En er was de bever. De bever in het bad. Eerst keken ze wat raar toen ze het beest op de kant zagen luieriken, maar toen mske vertelde dat hij zo op zijn rug lag omdat hij de zeep moest dragen en toch bleef drijven, moest de bever dat demonstreren. Okee! Die zeep was niet interessant, de bever des te meer. Dat het ooit eens Zoneke’s bever was geweest, was een formaliteit, nu is het hún bever.

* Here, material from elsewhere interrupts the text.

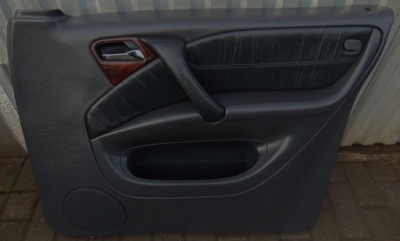 Обшивка оббивка двері права правий перед mercedes ml w163 європа фото №1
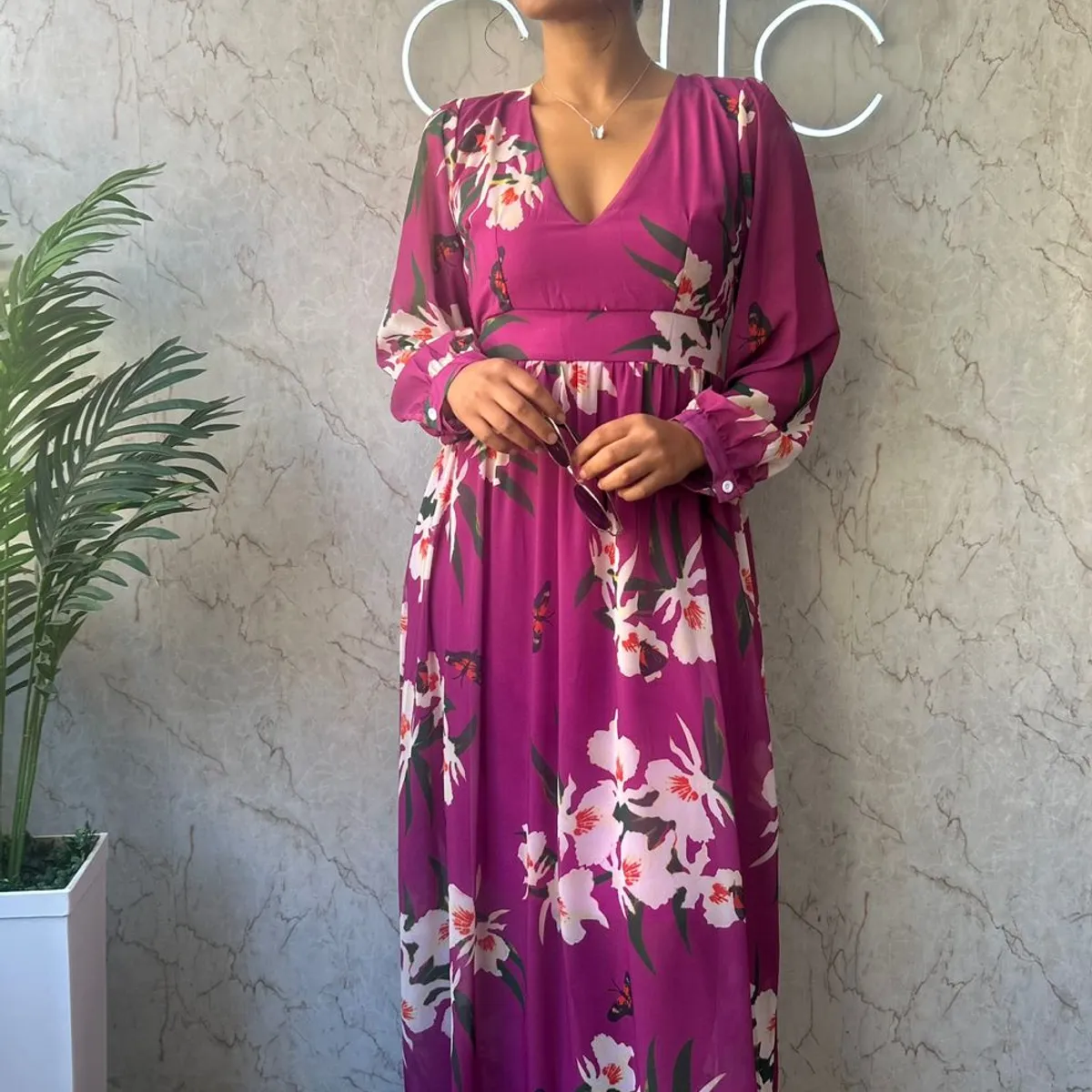 GENERICO - Vestido Fucsa Diseño de estampado floral - Vestido Anahi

En dan de fameuze ovenwant. Vrijdag, bij het avondeten reeds, hadden ze de ovenwant bespeurd. Nu is onze ovenwant geen gewone ovenwant, neen, die is een beetje geschroeid, aangebrand om zo te zeggen. En daar moesten ze vrijdagavond dan het fijne van weten, van naadje tot het laatste verschroeide draadje.

Noch Slow noch mske hebben er bij stilgestaan dat ze een nieuwe zouden kunnen kopen, zo erg is het ding nu ook niet toegetakeld, maar Amke en Ella vroegen zich dat wel af. En Slow demonstreerde met de intacte ovenwant, waar hij zijn groot hand niet in krijgt, en de verschroeide, waar hij moeiteloos in geraakt.

En bij elke maaltijd hier bij ons hebben ze een beschouwing over de ovenwant gegeven.

“Nu is papa’s bed, mijn bed” zei Ella en keek vertederd naar het bedje, al wil ze thuis wel in haar grote bed slapen. Feit is dat het kinderbedje eigenlijk klaar stond om te verkopen, nu het er niet naar uit ziet dat er hier ooit nog kindjes zullen in slapen. En mske vertelde over de twijfelaar, al noemde ze hem niet zo en zei dat ze die deze zomer zouden afhalen, ineen proberen te steken en opschilderen.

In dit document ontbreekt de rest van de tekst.